Many studies have shown that wealth inequality is even deeper and more pernicious than income inequality. According to estimates by the Credit Suisse Research Institute, the bottom half of the global population own less than 1 percent of total wealth. In sharp contrast, the richest 10 percent hold 88 percent of the world’s wealth, and the top 1 percent alone account for 50 percent of global assets. 5 As Branko Milanovic writes, “wealth inequality is even more extreme [than income inequality] for every country for which we have reliable data”. 6 These disparities also reinforce each other, as wealth typically generates income: in 2014, 67.4 percent of the pre-tax income of the top 0.1 percent in the USA was income from wealth (capital gains, interest, dividends, etc.). 7 In most emerging and rich countries the wealth share of the top 1 percent has been rising steadily over the last two to three decades (see Figure 1.1).
The vicious circle of inequality
Wealth – ownership of property, land or shares, for example – confers not just economic security but also social and political power.

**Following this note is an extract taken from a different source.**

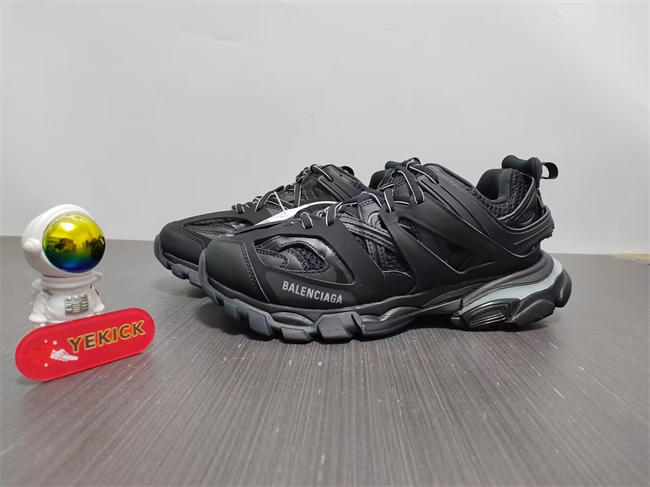Ba*len*cia*ga track sneaker ''black white'' 542023-w3ac1-1090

As Jeff Spross of The Week points out, “who owns wealth ultimately determines who rules”. 8 This situation creates a ‘vicious circle of inequality’, whereby growing economic inequality heightens political inequality, which then increases the ability of corporations and rich elites to influence policy-making to protect their wealth and privileges. Meanwhile the power of labour unions, for example, is increasingly eroded. 9 Milanovic states that “higher levels of inequality seem to be economically beneficial for the rich, who are often able to translate their disproportionate control of resources into disproportionate influence over political and economic decision-making.” 10
This is largely because wealth buys influence, 11 including through directly financing political campaigns. In the USA, the ultra-rich top 0.01 percent contributed 40 percent of the total election campaign contributions in 2016. 12 In many contexts, legislators are drawn almost exclusively from the wealthiest classes of society. Wealth also buys access to the services of lawyers, accountants and lobbyists, which The New York Times terms the “income defense industry”, “a high-priced phalanx of lawyers, estate planners, lobbyists and anti-tax activists who exploit and defend a dizzying array of tax maneuvers, virtually none of them available to taxpayers of more modest means”. 13
Wealth also tends to persist over generations, thereby constraining social mobility. Wealth disparities on the basis of race and gender for example, tend to be far greater than those for income. 14 While many people may suffer losses as a consequence of a financial crisis, it is the poorest and most marginalized who are hardest hit due to lack of a cushion. In many countries women bore the burden of the global financial crisis of 2007-2009 (and the subsequent austerity measures). 15 In the USA, recessions have disproportionately affected black and Latino families. 16
Why extreme wealth inequality is inimical to the 2030 Agenda
The concentration of wealth directly or indirectly affects all elements of the 2030 Agenda. Extreme economic inequality is, for instance, integrally linked with persistent and chronic poverty (SDG 1). Indeed, several studies have shown that SDG 1 will not be achieved unless extreme income and wealth inequality is also tackled. The resources that are captured by wealthy people and entities will be essential to robustly tackle poverty. To give one example, the richest man in Nigeria, Aliko Dangote, founder of Africa’s largest cement producer, earns enough interest on his wealth in one year to lift 2 million people out of extreme poverty. 17 Hence it is not surprising that Oxfam, like other civil society organizations, conclude: “To end extreme poverty, we must also end extreme wealth” 18 .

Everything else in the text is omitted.